"""

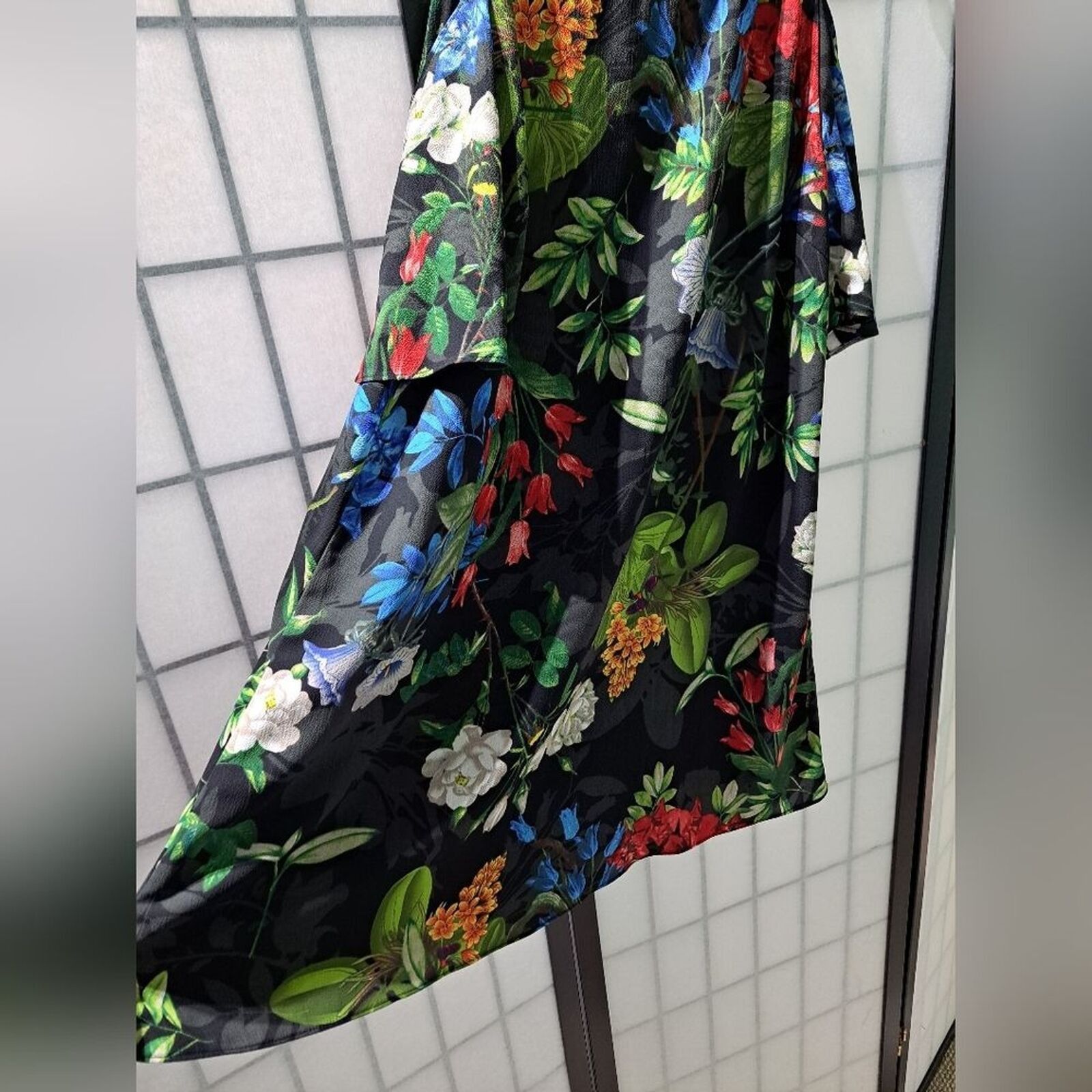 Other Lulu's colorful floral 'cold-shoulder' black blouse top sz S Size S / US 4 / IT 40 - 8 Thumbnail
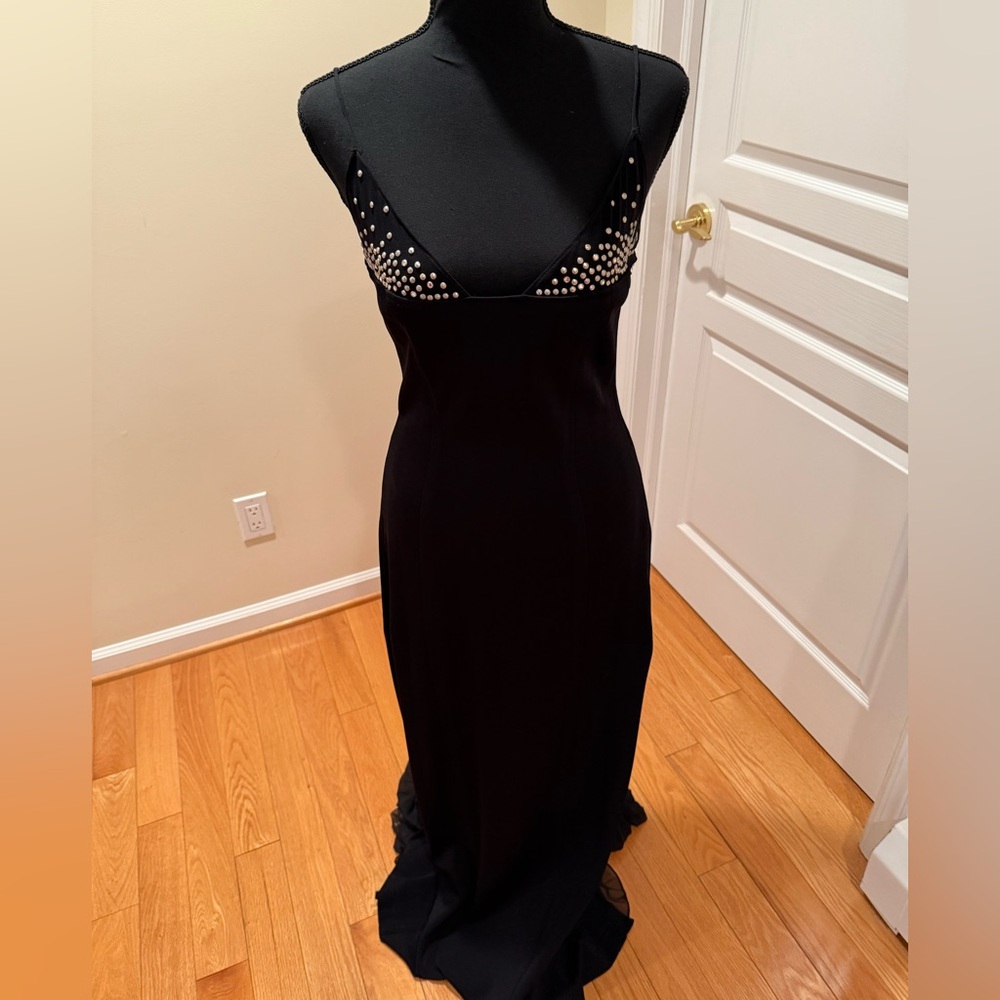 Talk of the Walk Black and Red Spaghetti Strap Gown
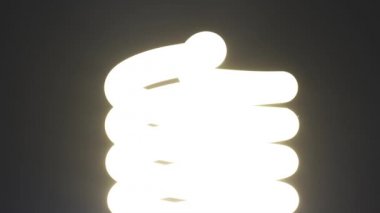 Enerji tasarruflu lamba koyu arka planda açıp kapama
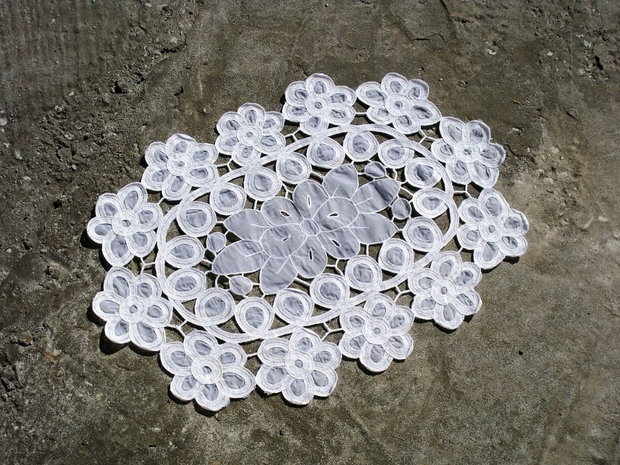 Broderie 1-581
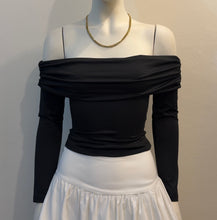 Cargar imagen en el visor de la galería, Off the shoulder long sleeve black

"""
"""

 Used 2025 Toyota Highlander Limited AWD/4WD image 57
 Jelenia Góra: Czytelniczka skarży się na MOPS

"""

--- Task brief ---
Would you copy out, exactly and with no pictures, only the lines above from the one that contains "Broderie 1-581" through the one that contains "Cargar imagen en"?

--- Completed exercise ---
 Broderie 1-581
 Cargar imagen en el visor de la galería, Off the shoulder long sleeve black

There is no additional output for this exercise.